### DIRECTIONS
Please return every record exactly, with no pictures included.

——

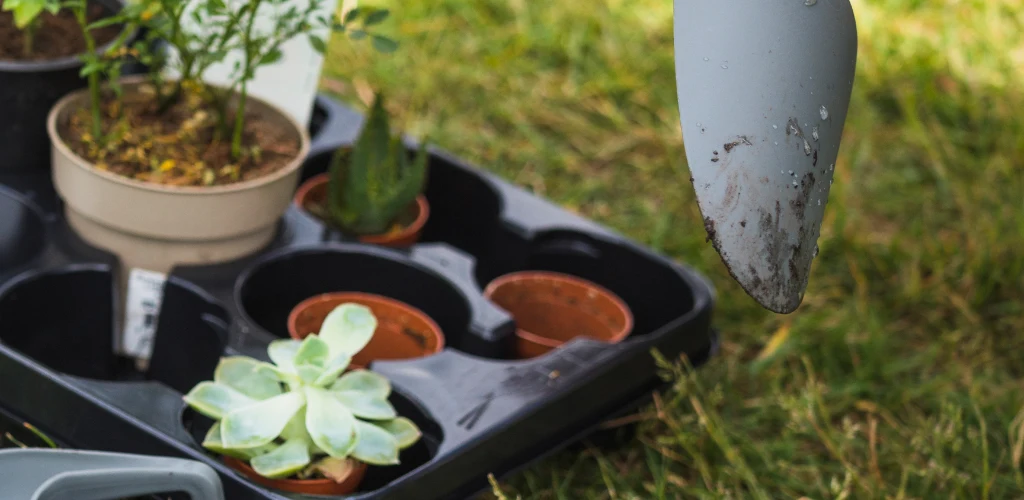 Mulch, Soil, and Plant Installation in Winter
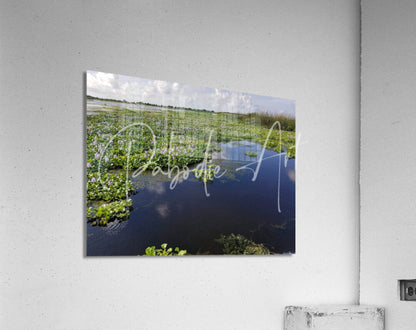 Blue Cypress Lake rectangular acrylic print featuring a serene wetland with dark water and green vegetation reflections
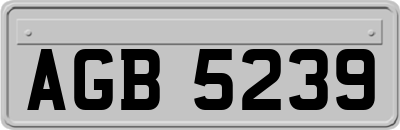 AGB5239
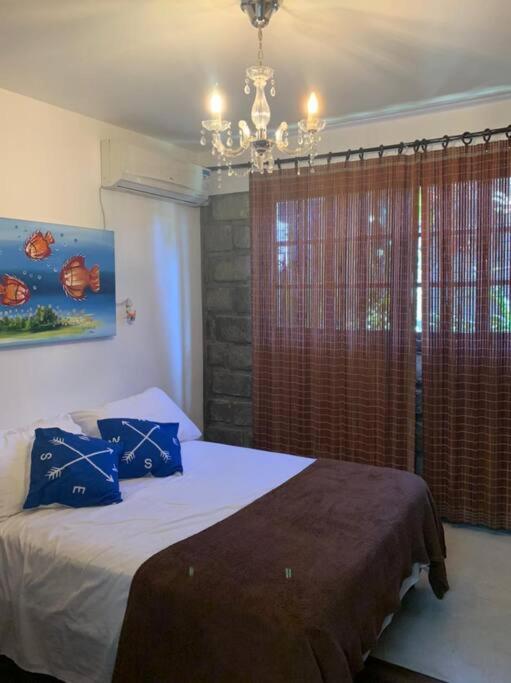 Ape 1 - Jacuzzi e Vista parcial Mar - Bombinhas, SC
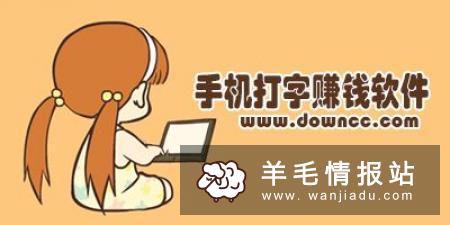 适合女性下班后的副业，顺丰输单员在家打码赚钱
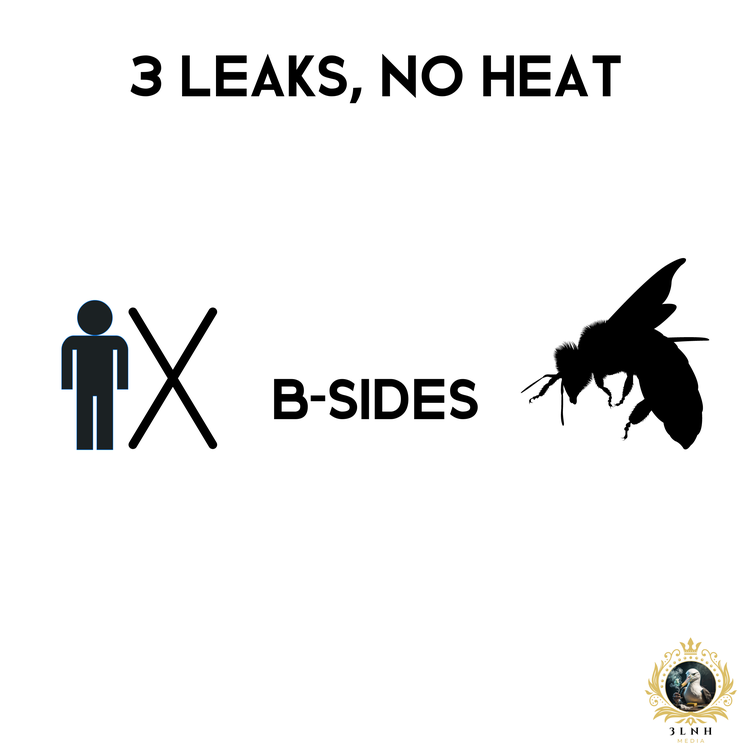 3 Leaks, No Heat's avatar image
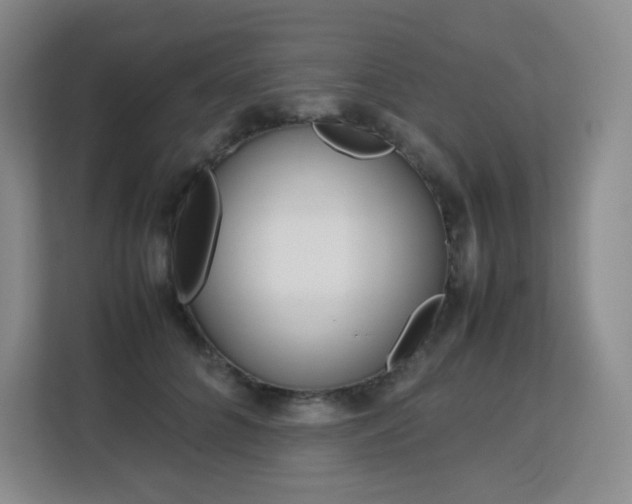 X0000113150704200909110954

——

### RESULT
 Mulch, Soil, and Plant Installation in Winter
 Blue Cypress Lake rectangular acrylic print featuring a serene wetland with dark water and green vegetation reflections
 AGB5239
 Ape 1 - Jacuzzi e Vista parcial Mar - Bombinhas, SC
 适合女性下班后的副业，顺丰输单员在家打码赚钱
 3 Leaks, No Heat's avatar image
 X0000113150704200909110954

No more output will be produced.